Rainbow Watson ruined my life
The story of over a decade of self-sabotage, bad movies, and maybe one divorce.
Rainbow Watson has lived rent-free in my head for over a decade.
Originally this was an article about the books I never wrote. It was weirdly sentimental, self-defeatist and I guess sort of genuine, but then, appropriately, I didn’t finish it. The whole thing didn’t feel right. Felt more pitiful than anything else.
But it did get me thinking about the parts of stories one never writes that refuse to go away. It got me thinking about Rainbow Watson.
When I was a kid, I realized writing was something I could do outside of the classroom, for fun. My first story was half-written in a day, abandoned shortly afterward. It was basically A Series of Unfortunate Events but with different names attached to it. You see, I knew stories followed a structure, and I had just seen a movie that had a structure, so by spending a couple hours and around 20 pages on that, I could obviously write a whole novel. For a 9-year-old it was pretty solid logic.

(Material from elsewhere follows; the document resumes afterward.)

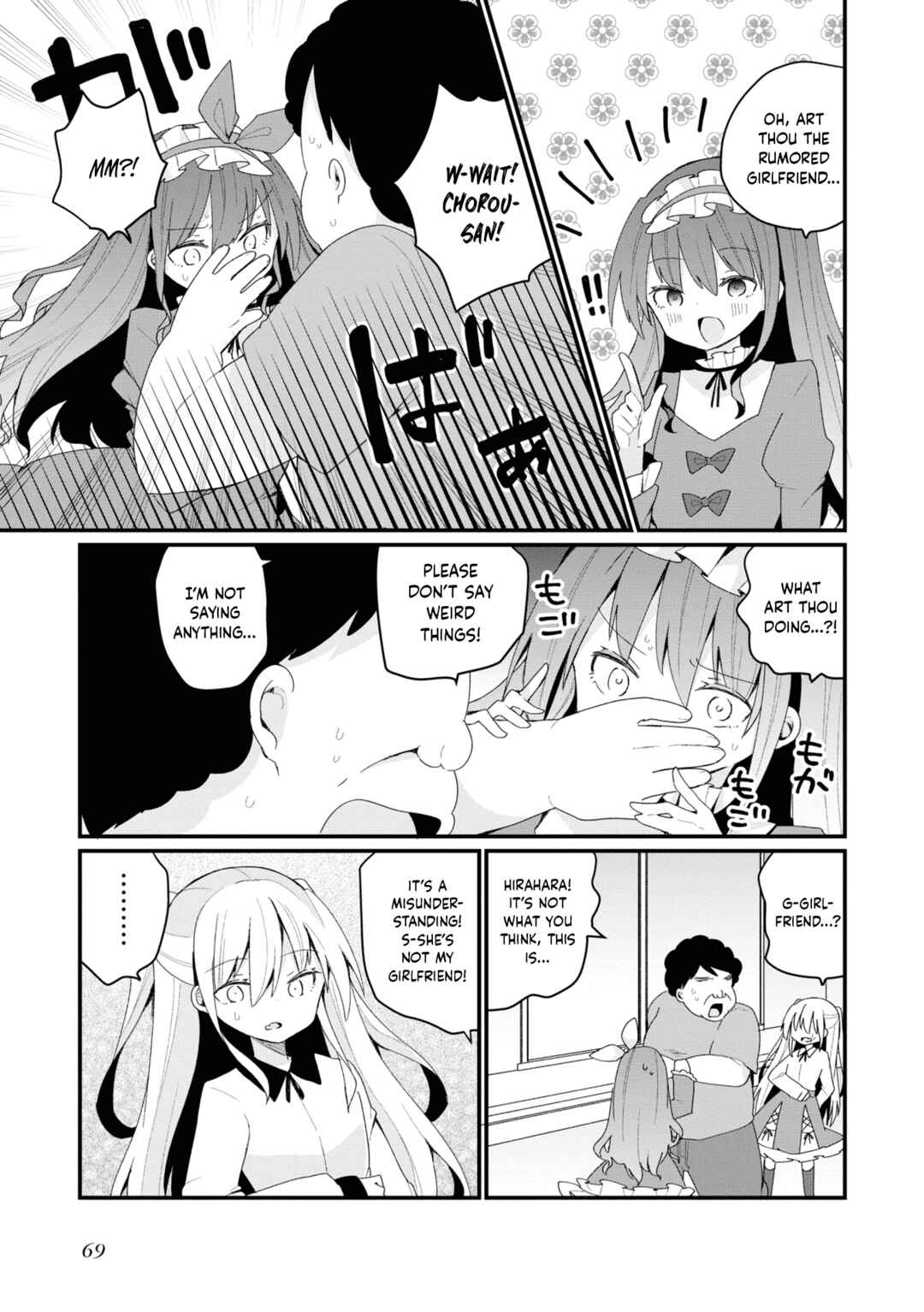 Page 3 Chapter 23 Bishoujokashita Oji-san dakedo, Gachi Koi sarete Komattemasu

Of course, the book would never be finished, because I didn’t have a middle section figured out. How was I supposed to get to the ending without making it boring? If I just re-wrote the movie, people would think it was a rip-off of what I was clearly ripping off. I knew I shouldn’t steal people’s ideas at the time, but I didn’t really know what to do to make my own. In the end I decided to shelve the project. The actual story wasn’t anything to write home about, anyway. But I remember, to this day, about this character I introduced right away called Rainbow Watson.

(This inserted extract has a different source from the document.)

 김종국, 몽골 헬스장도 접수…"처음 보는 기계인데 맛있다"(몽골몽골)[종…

He was a fat, short British man whose entire existence revolved around showing up for the main characters and telling them bad news. Every time something bad happened, Rainbow Watson would either knock on the front door, send a telegram or somehow acquire the means to contact the children I was writing about. He would say something obvious about how their situation wasn’t improving, but then would always end sentences with something like “but I’m sure it’s going to be okay”, and then leave without doing anything.
I had some idea that in the end, Rainbow Watson would swoop the kids from danger, and just adopt them before their misadventures finished them off. It never got there, and I ended up just moving on, but I loved writing Rainbow Watson. At least, I thought I did.

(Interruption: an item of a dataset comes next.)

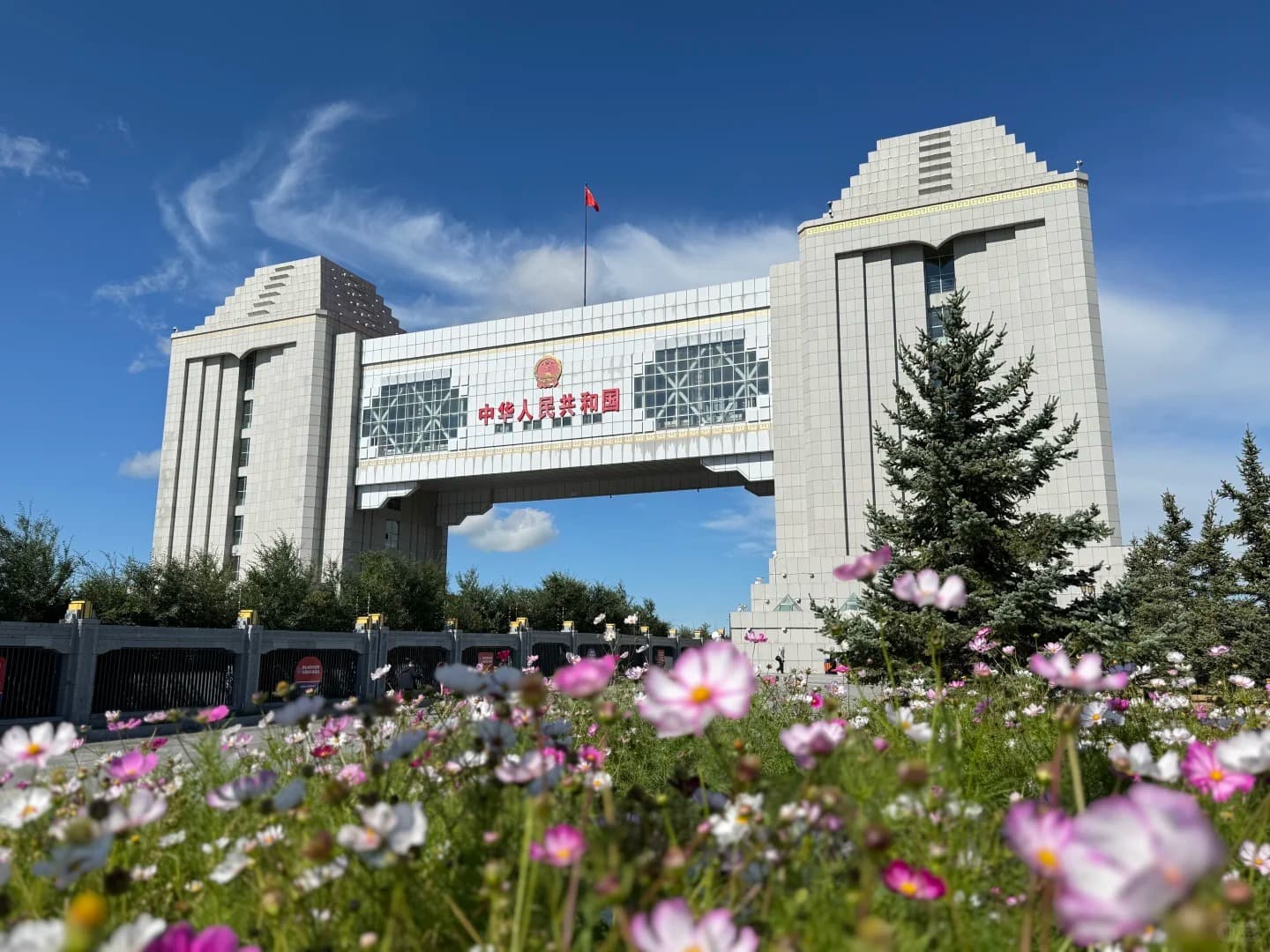 inner-mongolia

I think a lot of the supporting characters I have written since have been Rainbow Watson reborn. I don’t even remember the name of the character I based him on, but I remember the feeling behind it — something about a character who couldn’t actually help you, but was always available to support you really got to me. Back then, I didn’t put that much thought into it, but I really do believe it’s this weird prototypical encapsulation of what I eventually would be interested in. People who don’t know what to do figuring out how to be useful.
And really, that’s most of what this second version of the article was going to be. I was going to go on a tangent about Rainbow Watson’s many versions throughout different things I wrote, most of which I either abandoned or transformed into something else. I was going to characterize him as this weird, consistent presence in my life. Whenever I started to run out of ideas or just wonder what else could be done with a story, I would reach in and pull something that looked like… well, Rainbow Watson.
But, then, of course, that also went nowhere. The words stopped flowing, the whole thing started to sound stupid, and I was left with another half-finished idea to bounce inside my head.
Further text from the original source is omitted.